Pour son premier film, Terrence Malick ne s’était pas rendu la tâche facile. S’attaquer au road-movie pour débuter sa carrière cinématographique tient du suicide artistique quand on passe après Jean-Luc Godard, Arthur Penn ou encore Dennis Hopper qui furent les artisans de l’âge d’or du genre dans les années 1970.
Pourtant, au contraire de la plupart de ces illustres prédécesseurs, le réalisateur américain s’affranchit de la violence sulfureuse et polémique qu’aurait pu engendrer un tel film sur la fuite désespérée de deux meurtriers pour livrer un hymne à l’innocence. Cette approche du film toute métaphysique, religieuse, mystique se retrouve dans la traduction française du titre « Badlands » où la sanglante fuite du couple vers un hypothétique paradis se résume à une « balade » certes « sauvage » mais qui se déroule en toute quiétude.
Ce paradoxe se retrouve avec les deux personnages principaux campés avec perfection par Martin Sheen et Sissy Spacek. Kit incarne l’agitation, l’excitation, le meurtre, la folie tandis que Holly symbolise une jeunesse plus apaisée, en quête de liberté, innocente comme cette discussion surréaliste qu’elle a avec le propriétaire de la maison qu’ils viennent de prendre d’assaut pour réquisitionner des vivres et un véhicule en affirmant que son petit-ami est, si ce n’est fou, tout du moins bizarre.
Cette violence niée atteint son paroxysme à la fin du film quand Kit, finalement arrêté par les forces de l’ordre, sympathise avec celles-ci avant son arrêt de mort inévitable. On pourra ne pas être d’accord mais il me semble que cette violence qui ne dit pas son nom (Kit assassine tout de même plusieurs personnes) représente déjà l’un des thèmes forts du cinéma de Terrence Malick : ses personnages traitent toujours avec le diable avant de pouvoir approcher Dieu. Dans son cinéma, il y a toujours un obstacle plus ou moins difficile à franchir avant d’atteindre une certaine forme de paradis (la mort du fils dans « The Tree of Life » ; la guerre du Pacifique dans « La Ligne Rouge »…).

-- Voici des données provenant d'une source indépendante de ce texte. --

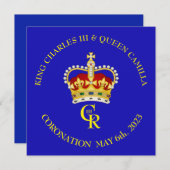 Uitnodiging tot het vieren van  kernatie (Voorkant / Achterkant)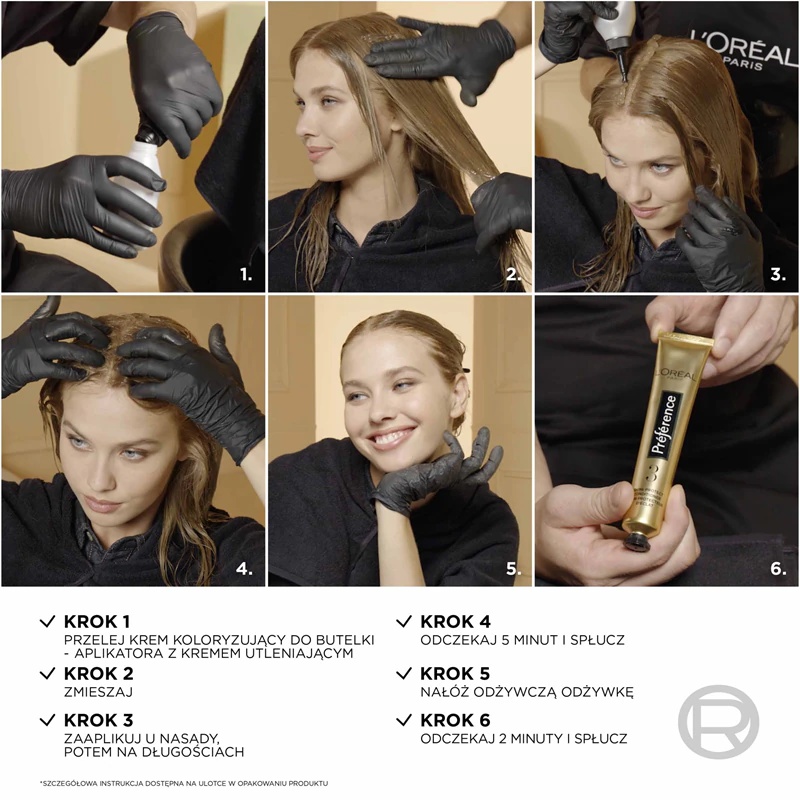 Permanentna barva za lase L'Oréal Paris Préférence Cool Blondes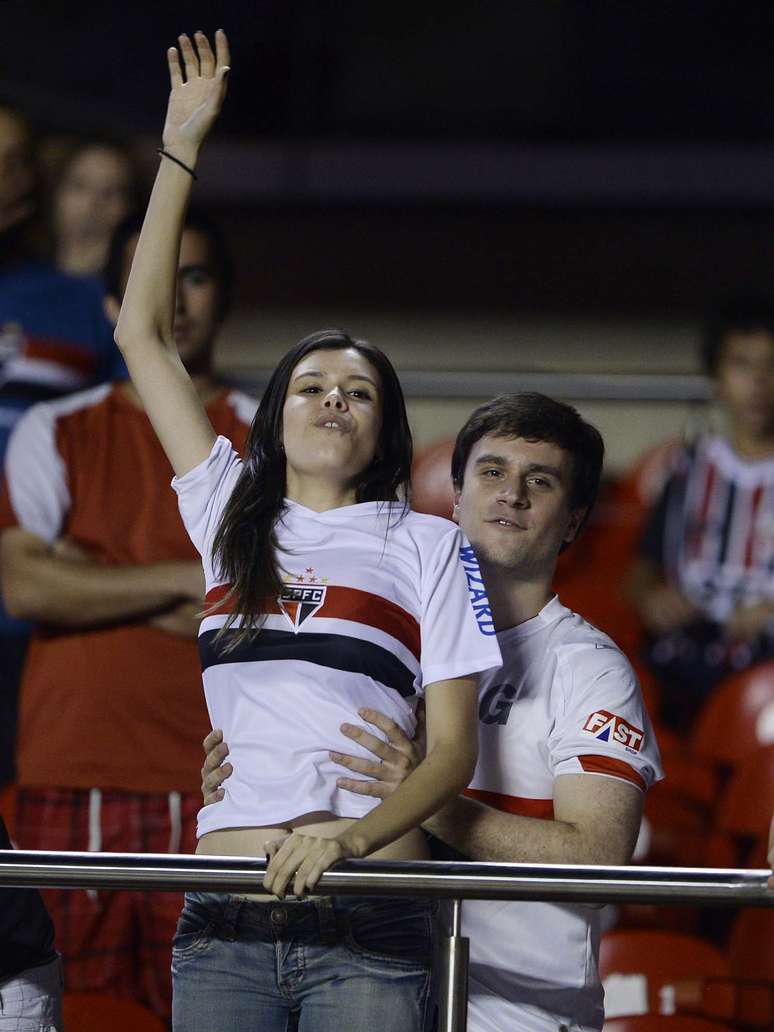 28 mil torcedores compareceram ao Morumbi na noite desta quarta-feira para assistir a vitória do São Paulo sobre o CSA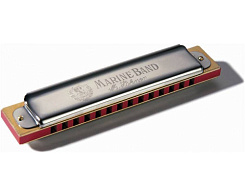 HOHNER Marine Band 365/28 G - Губная гармоника диатоническая Хонер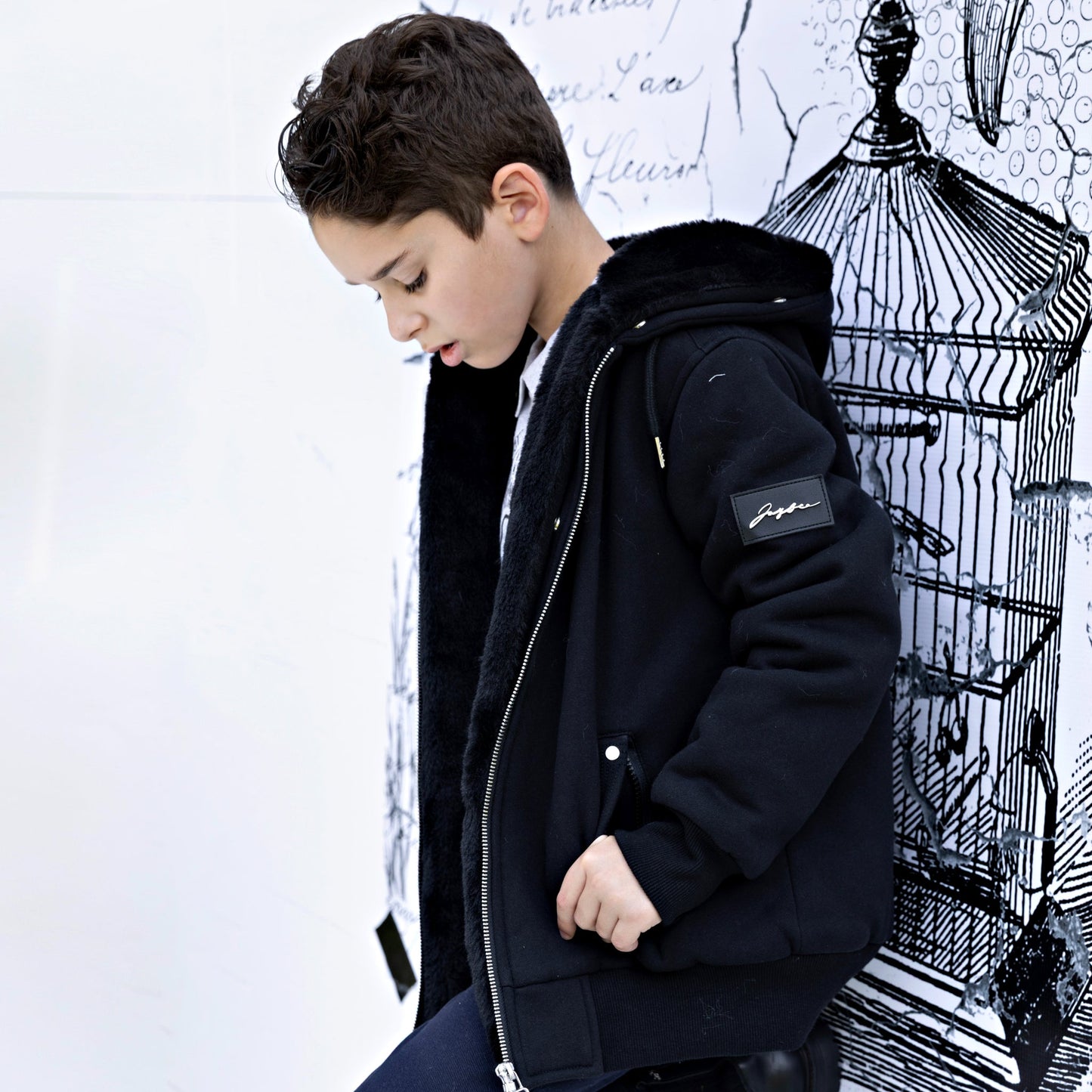 Fur Lined Hoodie Deluxe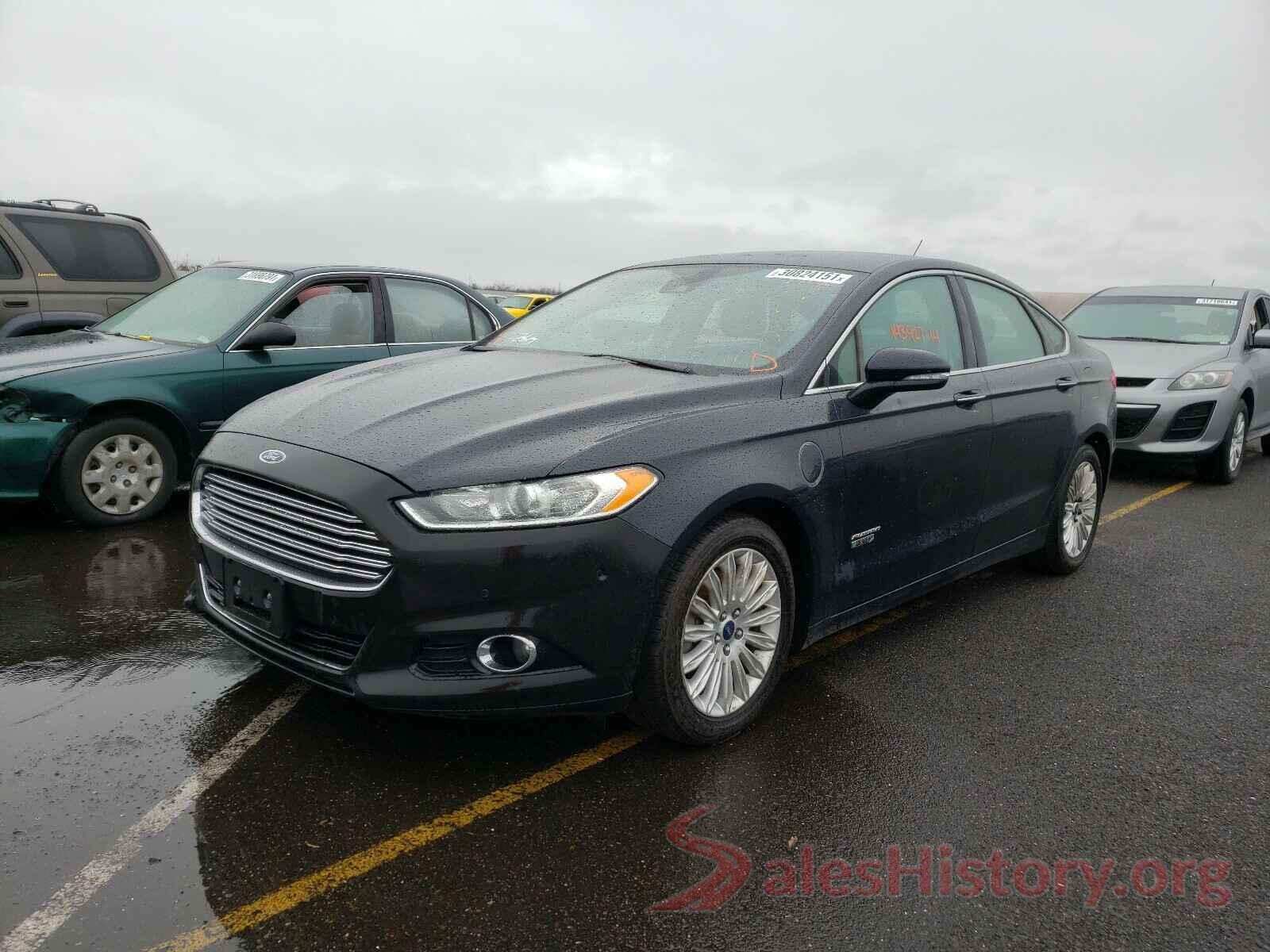 4T1BF1FK5GU180807 2014 FORD FUSION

Pour autant, si on retrouve déjà ces thématiques, le coup d’œil malickien dans la mise en scène et la photographie splendide, la simplicité du film banalise quelque peu le propos. On est après tout très loin de la grandiloquence métaphysique (que j’encense personnellement) de ses derniers films (« Le Nouveau Monde », « La Ligne Rouge », « The Tree of Life »). La mise à distance des évènements qu’il instaure par sa réalisation tient finalement éloigné le spectateur qui se dit finalement, quand la poésie malickienne s’exprime le moins, qu’il regarde un road-movie ordinaire et facile.